Shopping in Kaohsiung, Taiwan


Shinkudan shopping street, several shopping malls and department stores, markets, shops - the choice of options for great shopping is really wide.

Safety in Kaohsiung, Taiwan


Kaohsiung's crime rate is much lower than probably any city of comparable size in the West, so tourists need not be too worried. Theft tends to be the most common form of criminal activity encountered by foreigners, and expensive bikes and scooters are frequent targets.
As a major seaport, organized crime has also become an increasing problem in the city, and a fair number of businesses are nothing more than a front for local gangs. That said, the gangs do not resort to random violence or theft.
In general, Kaohsiung offers a very safe environment as long as you mind your own business and don't get involved with local rivalries. Violent crime is very rare, and visitors should not encounter any problems - though, like any major city, it is always wise to err on the side of caution.

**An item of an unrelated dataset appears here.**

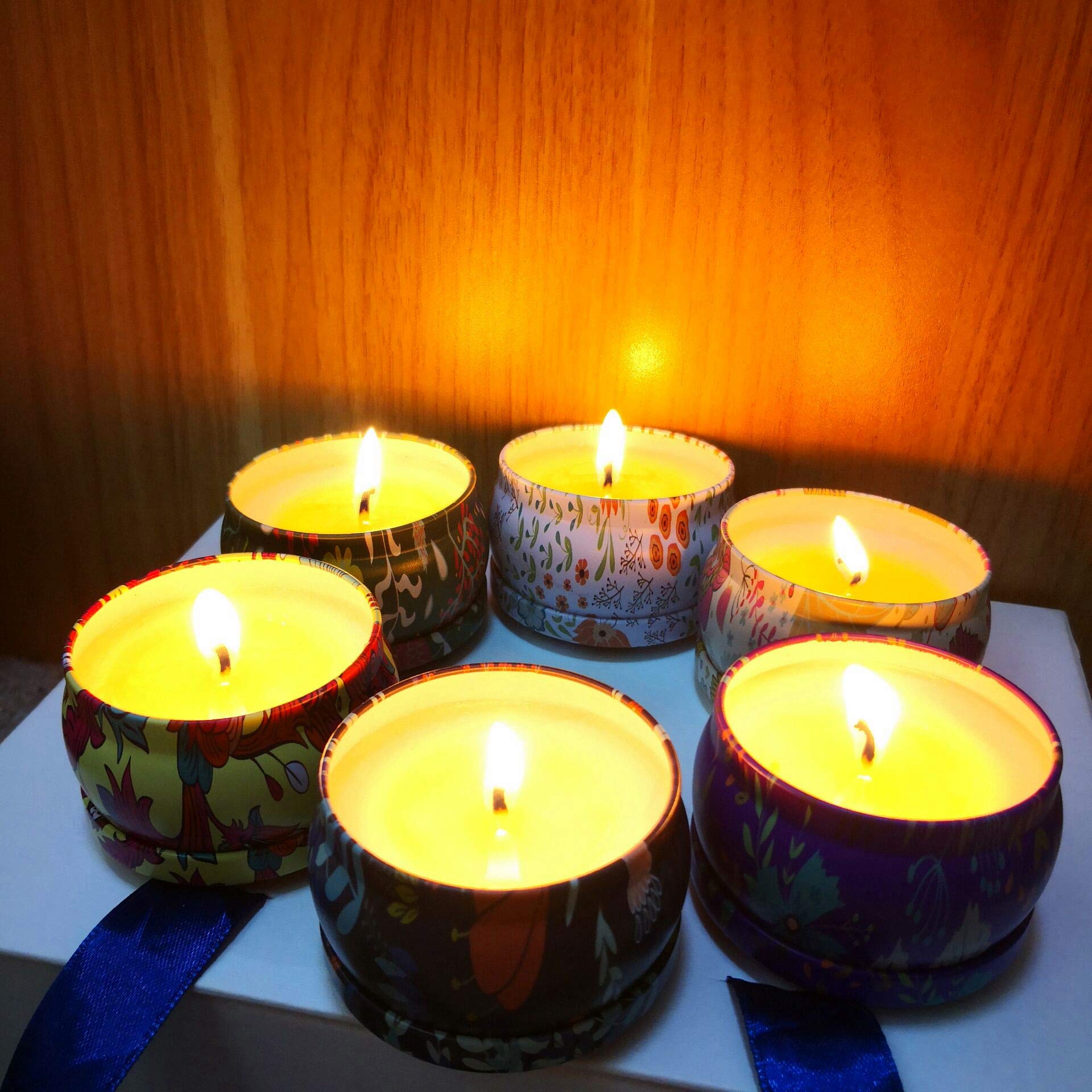 Scented Candles Aromatherapy Soy Set:Rose Lavender Vanilla Freesia Rosemary Jasmine Natural Wax Travel Tin Fragrance Relaxing Stress Relief Aroma Home Bath Spa Yoga Candle Gift for Women 6x2.5oz Pack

Also please remember: tap water is not potable.

Language spoken in Kaohsiung, Taiwan


The majority population of Kaohsiung can communicate in both Taiwanese Hokkien and Standard Chinese, some elders who grew up during the Japanese colonization of Taiwan can communicate in Japanese, while most of the younger population has basic English skills.

Since the spread of Standard Chinese after the Nationalist Government retreated to Taiwan in 1949, Hakka Chinese and various Formosan languages are gradually no longer spoken within the new generation and many Formosan languages are therefore classified as moribund or endangered languages by the United Nations. Nowadays, only elder Hakka people living in Meinong, Liouguei, Shanlin and Jiasian districts can communicate in Hakka and elder Taiwanese aborigines living mostly in the rural districts of Namasia and Taoyuan can communicate with the aboriginal languages. Therefore, recently the Taiwanese government established Special affairs committee for both the Aboriginals (原住民事務委員會) and the Hakkas (客家事務委員會) to protect the language, culture and the rights of the two minorities.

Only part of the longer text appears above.